(Records from a data collection)

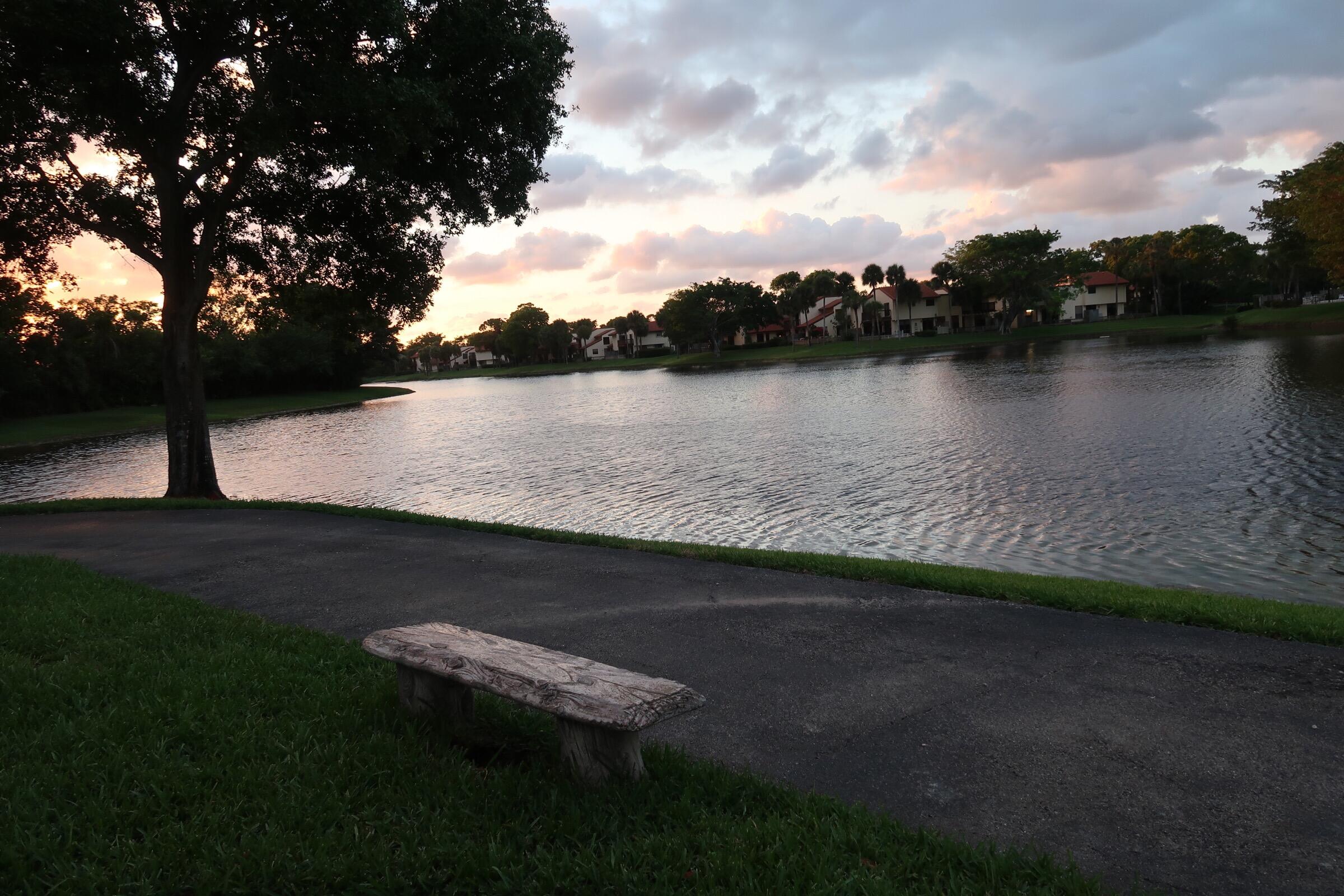 5845 Fox Hollow Drive, Unit A Boca Raton, FL 33486 - Photo 39 of 50 a view of a lake from a yard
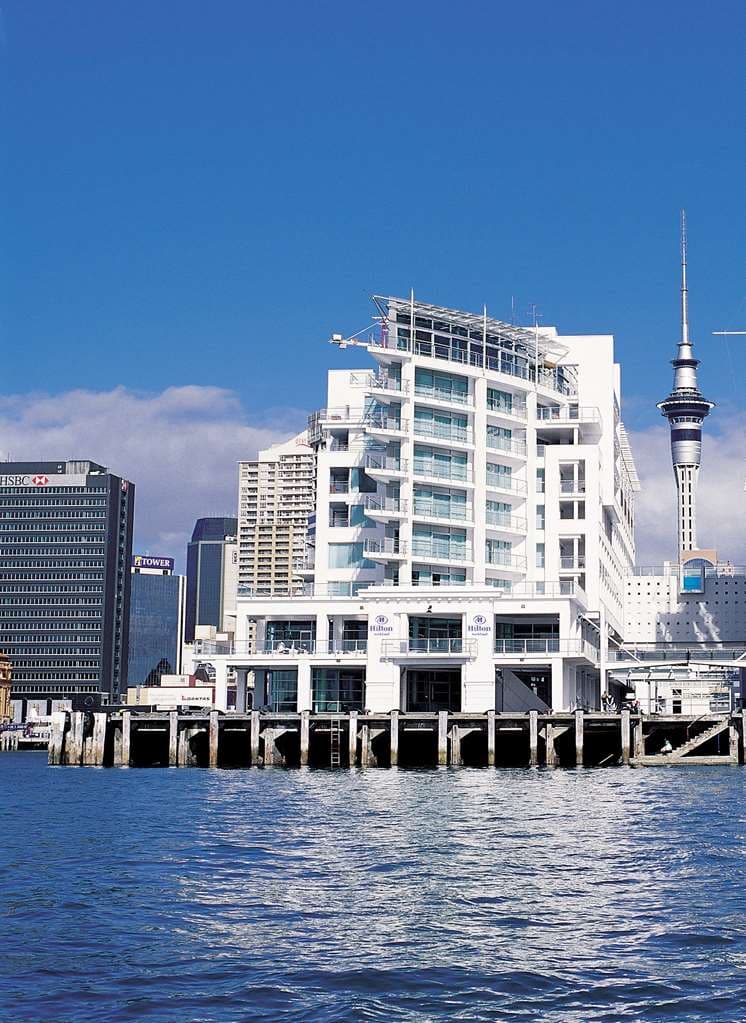 The white, ship-like exterior of Hilton Auckland extending into the harbour at sunset.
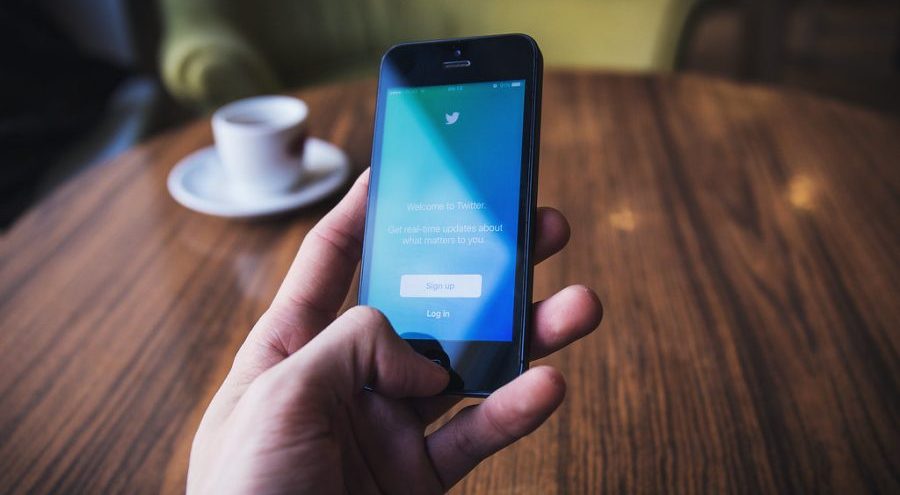 A hand holding a phone displaying the login screen for Twitter.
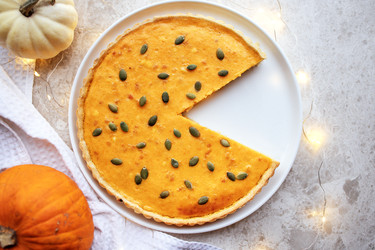 Тыквенный пирог с отрезанным кусочком, украшенный тыквенными семечками, выставлен на белой тарелке в окружении декоративных тыкв и мягкого освещения, создавая теплую осеннюю атмосферу - Darya Petrenko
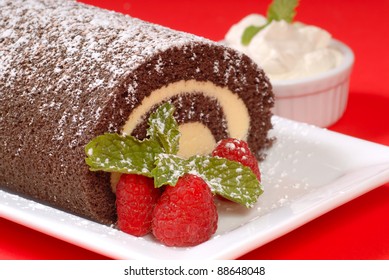 Delicious Christmas Buche de Noel cake with raspberries, whipped cream and powdered sugar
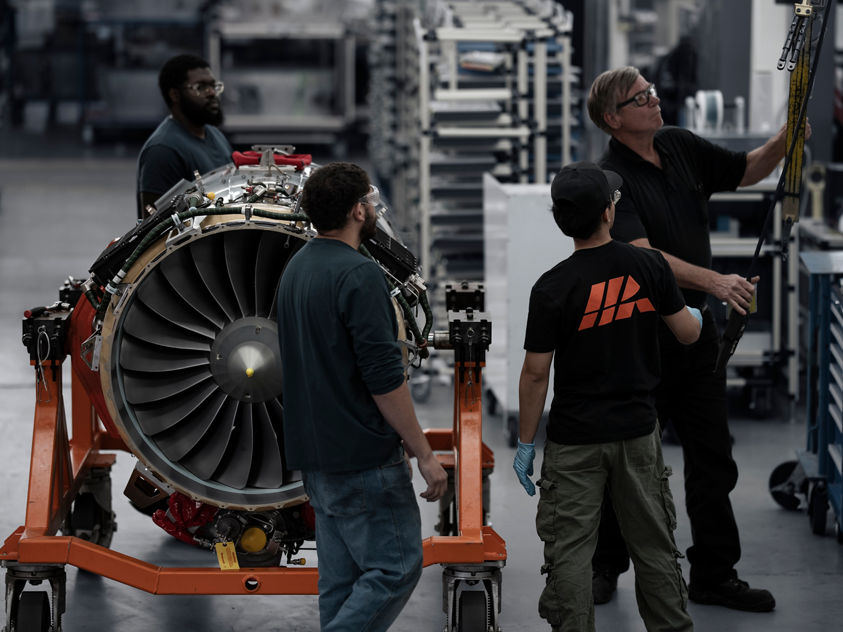 engineer with tablet in airplane hangar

● **Task description**: Could the lines above be copied out exactly, with no image carried over?

● **Task solution**:
 5845 Fox Hollow Drive, Unit A Boca Raton, FL 33486 - Photo 39 of 50 a view of a lake from a yard
 The white, ship-like exterior of Hilton Auckland extending into the harbour at sunset.
 A hand holding a phone displaying the login screen for Twitter.
 Тыквенный пирог с отрезанным кусочком, украшенный тыквенными семечками, выставлен на белой тарелке в окружении декоративных тыкв и мягкого освещения, создавая теплую осеннюю атмосферу - Darya Petrenko
 Delicious Christmas Buche de Noel cake with raspberries, whipped cream and powdered sugar
 engineer with tablet in airplane hangar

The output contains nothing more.